O importante eram os felipes
Importante era encontrar os “felipes” escondidos nos montes escuros, formando carreiros espalhados lado a lado nos tijolos dos terreiros. Pelas suas características, os “felipes” tinham valor, como se fossem moedas que eu trocava por dinheiro com minha avó.
Quem cresceu perto dos terreiros das fazendas de café sabe o que é um ‘felipe”- o grão gêmeo, formado por dois frutos grudados um no outro, como irmão siameses.
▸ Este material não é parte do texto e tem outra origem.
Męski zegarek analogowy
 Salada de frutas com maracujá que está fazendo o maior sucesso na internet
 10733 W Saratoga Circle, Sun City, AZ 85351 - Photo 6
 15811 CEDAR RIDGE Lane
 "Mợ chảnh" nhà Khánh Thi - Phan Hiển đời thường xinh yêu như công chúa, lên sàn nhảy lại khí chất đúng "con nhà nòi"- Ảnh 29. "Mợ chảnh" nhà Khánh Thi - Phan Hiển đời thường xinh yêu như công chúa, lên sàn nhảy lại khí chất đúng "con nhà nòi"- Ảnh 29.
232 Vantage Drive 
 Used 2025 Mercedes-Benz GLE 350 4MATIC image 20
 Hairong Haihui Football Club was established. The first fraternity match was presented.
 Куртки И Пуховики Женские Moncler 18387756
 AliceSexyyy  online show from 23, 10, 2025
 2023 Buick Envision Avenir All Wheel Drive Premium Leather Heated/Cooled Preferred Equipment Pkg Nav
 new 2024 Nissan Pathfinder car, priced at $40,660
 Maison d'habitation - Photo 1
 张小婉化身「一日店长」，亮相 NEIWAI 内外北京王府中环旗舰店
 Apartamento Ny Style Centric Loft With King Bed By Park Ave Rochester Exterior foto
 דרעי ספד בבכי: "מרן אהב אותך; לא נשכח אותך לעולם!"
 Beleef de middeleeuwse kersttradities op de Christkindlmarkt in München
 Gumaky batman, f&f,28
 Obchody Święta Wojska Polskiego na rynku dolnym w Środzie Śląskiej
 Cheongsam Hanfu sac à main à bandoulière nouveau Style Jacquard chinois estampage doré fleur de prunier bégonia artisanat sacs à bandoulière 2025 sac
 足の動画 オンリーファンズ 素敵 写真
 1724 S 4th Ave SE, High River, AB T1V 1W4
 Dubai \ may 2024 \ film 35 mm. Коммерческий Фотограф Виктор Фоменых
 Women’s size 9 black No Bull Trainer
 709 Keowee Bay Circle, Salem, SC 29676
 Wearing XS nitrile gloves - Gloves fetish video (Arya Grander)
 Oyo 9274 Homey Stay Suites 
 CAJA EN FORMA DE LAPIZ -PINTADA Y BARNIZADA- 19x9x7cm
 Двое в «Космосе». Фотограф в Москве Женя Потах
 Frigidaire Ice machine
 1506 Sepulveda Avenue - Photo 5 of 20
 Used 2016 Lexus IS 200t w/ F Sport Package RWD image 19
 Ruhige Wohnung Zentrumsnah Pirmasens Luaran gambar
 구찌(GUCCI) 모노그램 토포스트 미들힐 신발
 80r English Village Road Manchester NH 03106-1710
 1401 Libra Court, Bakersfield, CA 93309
A época de procurar “felipes” era agora, nas férias de inverno, quando o café é colhido e trazido para secar e passar por todo o processo que o transforma numa das bebidas mais consumidas no mundo.
Quando eu procurava “felipes” no terreiro da fazenda em Louveira, o Brasil era outro país. Havia poucos tratores e os carroções e carroças puxados por burros eram os responsáveis por diariamente trazer a colheita do cafezal para o terreiro, onde os grãos eram espalhados em longos carreiros para secar ao sol.
A maioria das fazendas tinha a tulha e, no máximo, um despolpador. As máquinas de beneficiar eram luxo das propriedades maiores. O fazendeiro comum levava o café para cooperativas ou o vendia ainda em grão para empresas cafeeiras, que beneficiavam, separavam e tipificavam o produto, na época, o grande ativo brasileiro.
Mas isso, naquele tempo, não me interessava. O que eu queria era encontrar o maior número de “felipes” para trocá-los por dinheiro com minha avó.
Às vezes os vendia para meu pai, mas era apenas para melhorar o preço. Minha compradora regular era minha avó Sara, que tomava os “felipes” nas mãos e os olhava atenta e ternamente, com seus olhos azuis, como se estivesse fazendo a compra mais importante de sua vida.